3.average_precision_score(y_true, y_score, average='macro', sample_weight=None):根据预测得分计算平均精度(AP)
4.brier_score_loss(y_true, y_prob, sample_weight=None, pos_label=None):The smaller the Brier score, the better.
5.confusion_matrix(y_true, y_pred, labels=None, sample_weight=None):通过计算混淆矩阵来评估分类的准确性 返回混淆矩阵
6.f1_score(y_true, y_pred, labels=None, pos_label=1, average='binary', sample_weight=None): F1值
F1 = 2 * (precision * recall) / (precision + recall) precision(查准率)=TP/(TP+FP) recall(查全率)=TP/(TP+FN)
7.log_loss(y_true, y_pred, eps=1e-15, normalize=True, sample_weight=None, labels=None):对数损耗,又称逻辑损耗或交叉熵损耗
8.precision_score(y_true, y_pred, labels=None, pos_label=1, average='binary',) :查准率或者精度; precision(查准率)=TP/(TP+FP)

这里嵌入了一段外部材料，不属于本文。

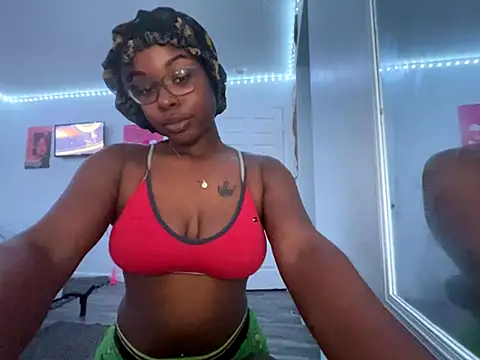 twerkaholic120 online show from November 7, 5:35 am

9.recall_score(y_true, y_pred, labels=None, pos_label=1, average='binary', sample_weight=None):查全率 ;recall(查全率)=TP/(TP+FN)
10.roc_auc_score(y_true, y_score, average='macro', sample_weight=None):计算ROC曲线下的面积就是AUC的值,the larger the better
11.roc_curve(y_true, y_score, pos_label=None, sample_weight=None, drop_intermediate=True);计算ROC曲线的横纵坐标值,TPR,FPR
TPR = TP/(TP+FN) = recall(真正例率,敏感度) FPR = FP/(FP+TN)(假正例率,1-特异性)
【回归指标】
1.explained_variance_score(y_true, y_pred, sample_weight=None, multioutput='uniform_average'):回归方差(反应自变量与因变量之间的相关程度)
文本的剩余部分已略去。